+++ SOURCE DATA +++

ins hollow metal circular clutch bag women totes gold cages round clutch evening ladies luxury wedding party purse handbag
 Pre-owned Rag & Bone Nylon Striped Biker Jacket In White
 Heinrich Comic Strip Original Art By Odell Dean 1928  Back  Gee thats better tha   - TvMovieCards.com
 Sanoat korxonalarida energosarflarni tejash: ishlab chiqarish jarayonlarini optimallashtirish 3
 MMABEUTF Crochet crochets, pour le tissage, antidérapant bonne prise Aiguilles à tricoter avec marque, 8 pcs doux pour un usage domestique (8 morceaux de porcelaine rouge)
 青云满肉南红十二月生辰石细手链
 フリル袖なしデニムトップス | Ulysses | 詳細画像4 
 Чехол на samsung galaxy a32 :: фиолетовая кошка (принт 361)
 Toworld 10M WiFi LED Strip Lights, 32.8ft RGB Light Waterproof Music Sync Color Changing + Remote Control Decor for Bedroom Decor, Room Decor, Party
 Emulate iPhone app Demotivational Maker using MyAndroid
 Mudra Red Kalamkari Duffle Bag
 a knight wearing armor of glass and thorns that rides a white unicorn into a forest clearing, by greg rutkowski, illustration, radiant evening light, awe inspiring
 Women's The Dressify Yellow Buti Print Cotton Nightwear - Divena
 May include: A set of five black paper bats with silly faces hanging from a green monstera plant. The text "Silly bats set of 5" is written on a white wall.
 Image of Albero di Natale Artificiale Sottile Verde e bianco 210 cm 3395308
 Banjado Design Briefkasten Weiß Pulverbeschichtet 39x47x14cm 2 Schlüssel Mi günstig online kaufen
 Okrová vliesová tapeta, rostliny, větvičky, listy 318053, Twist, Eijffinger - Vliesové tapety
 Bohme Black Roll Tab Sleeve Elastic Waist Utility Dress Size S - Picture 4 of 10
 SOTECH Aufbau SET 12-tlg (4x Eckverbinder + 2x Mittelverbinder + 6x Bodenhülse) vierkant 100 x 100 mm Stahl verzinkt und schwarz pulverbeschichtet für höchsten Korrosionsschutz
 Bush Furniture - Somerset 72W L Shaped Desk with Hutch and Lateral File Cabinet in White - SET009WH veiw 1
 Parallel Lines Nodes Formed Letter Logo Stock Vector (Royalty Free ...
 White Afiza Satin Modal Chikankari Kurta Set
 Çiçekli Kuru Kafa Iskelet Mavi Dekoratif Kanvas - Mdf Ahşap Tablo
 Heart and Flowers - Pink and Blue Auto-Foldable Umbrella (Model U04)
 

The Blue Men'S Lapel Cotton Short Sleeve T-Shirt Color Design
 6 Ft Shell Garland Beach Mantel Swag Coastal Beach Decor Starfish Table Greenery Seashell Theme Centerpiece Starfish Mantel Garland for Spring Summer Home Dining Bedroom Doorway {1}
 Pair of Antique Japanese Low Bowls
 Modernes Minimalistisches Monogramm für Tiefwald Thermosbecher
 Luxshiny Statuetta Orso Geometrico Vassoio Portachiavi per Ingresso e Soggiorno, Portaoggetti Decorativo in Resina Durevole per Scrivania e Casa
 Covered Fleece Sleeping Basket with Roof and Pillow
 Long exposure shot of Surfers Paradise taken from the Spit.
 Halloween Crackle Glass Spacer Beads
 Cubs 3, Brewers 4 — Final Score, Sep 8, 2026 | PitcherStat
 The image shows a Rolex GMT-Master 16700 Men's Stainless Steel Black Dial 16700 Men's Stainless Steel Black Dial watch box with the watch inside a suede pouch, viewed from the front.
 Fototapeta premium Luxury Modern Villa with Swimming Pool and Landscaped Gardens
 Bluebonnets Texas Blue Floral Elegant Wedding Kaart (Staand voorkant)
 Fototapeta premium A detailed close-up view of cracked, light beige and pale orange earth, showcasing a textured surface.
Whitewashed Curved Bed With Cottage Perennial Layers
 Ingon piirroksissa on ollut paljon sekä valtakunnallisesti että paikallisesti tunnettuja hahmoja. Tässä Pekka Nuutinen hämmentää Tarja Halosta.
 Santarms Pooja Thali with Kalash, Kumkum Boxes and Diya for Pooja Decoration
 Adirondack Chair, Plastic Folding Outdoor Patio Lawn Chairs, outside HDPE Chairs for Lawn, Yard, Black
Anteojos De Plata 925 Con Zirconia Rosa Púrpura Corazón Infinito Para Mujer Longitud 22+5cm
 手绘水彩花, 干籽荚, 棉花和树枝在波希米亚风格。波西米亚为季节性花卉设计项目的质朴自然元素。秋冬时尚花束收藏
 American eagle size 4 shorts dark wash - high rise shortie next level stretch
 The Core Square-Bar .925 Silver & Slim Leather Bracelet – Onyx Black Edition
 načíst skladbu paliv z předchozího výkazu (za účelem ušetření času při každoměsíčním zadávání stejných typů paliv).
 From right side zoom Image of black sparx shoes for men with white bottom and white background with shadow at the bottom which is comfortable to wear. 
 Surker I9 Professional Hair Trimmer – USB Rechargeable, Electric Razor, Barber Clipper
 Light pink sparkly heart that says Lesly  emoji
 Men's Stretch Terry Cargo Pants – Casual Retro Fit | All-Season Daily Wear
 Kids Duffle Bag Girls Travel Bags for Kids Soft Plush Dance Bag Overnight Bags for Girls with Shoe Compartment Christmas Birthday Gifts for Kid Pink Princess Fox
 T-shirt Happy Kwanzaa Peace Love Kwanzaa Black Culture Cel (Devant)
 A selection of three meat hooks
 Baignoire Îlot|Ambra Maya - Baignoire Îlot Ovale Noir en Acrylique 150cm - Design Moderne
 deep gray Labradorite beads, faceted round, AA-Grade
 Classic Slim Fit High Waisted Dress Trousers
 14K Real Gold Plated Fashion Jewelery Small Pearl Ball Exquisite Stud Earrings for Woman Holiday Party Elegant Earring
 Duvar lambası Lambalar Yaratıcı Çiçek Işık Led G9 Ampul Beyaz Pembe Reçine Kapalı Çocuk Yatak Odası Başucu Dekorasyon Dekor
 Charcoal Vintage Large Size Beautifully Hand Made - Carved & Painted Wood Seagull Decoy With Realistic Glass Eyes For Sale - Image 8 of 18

+++

TASK TO COMPLETE:
The expected output is the exact run of lines from the start of the entries through the line with "May include: A", inclusive.

RESULT:
ins hollow metal circular clutch bag women totes gold cages round clutch evening ladies luxury wedding party purse handbag
 Pre-owned Rag & Bone Nylon Striped Biker Jacket In White
 Heinrich Comic Strip Original Art By Odell Dean 1928  Back  Gee thats better tha   - TvMovieCards.com
 Sanoat korxonalarida energosarflarni tejash: ishlab chiqarish jarayonlarini optimallashtirish 3
 MMABEUTF Crochet crochets, pour le tissage, antidérapant bonne prise Aiguilles à tricoter avec marque, 8 pcs doux pour un usage domestique (8 morceaux de porcelaine rouge)
 青云满肉南红十二月生辰石细手链
 フリル袖なしデニムトップス | Ulysses | 詳細画像4 
 Чехол на samsung galaxy a32 :: фиолетовая кошка (принт 361)
 Toworld 10M WiFi LED Strip Lights, 32.8ft RGB Light Waterproof Music Sync Color Changing + Remote Control Decor for Bedroom Decor, Room Decor, Party
 Emulate iPhone app Demotivational Maker using MyAndroid
 Mudra Red Kalamkari Duffle Bag
 a knight wearing armor of glass and thorns that rides a white unicorn into a forest clearing, by greg rutkowski, illustration, radiant evening light, awe inspiring
 Women's The Dressify Yellow Buti Print Cotton Nightwear - Divena
 May include: A set of five black paper bats with silly faces hanging from a green monstera plant. The text "Silly bats set of 5" is written on a white wall.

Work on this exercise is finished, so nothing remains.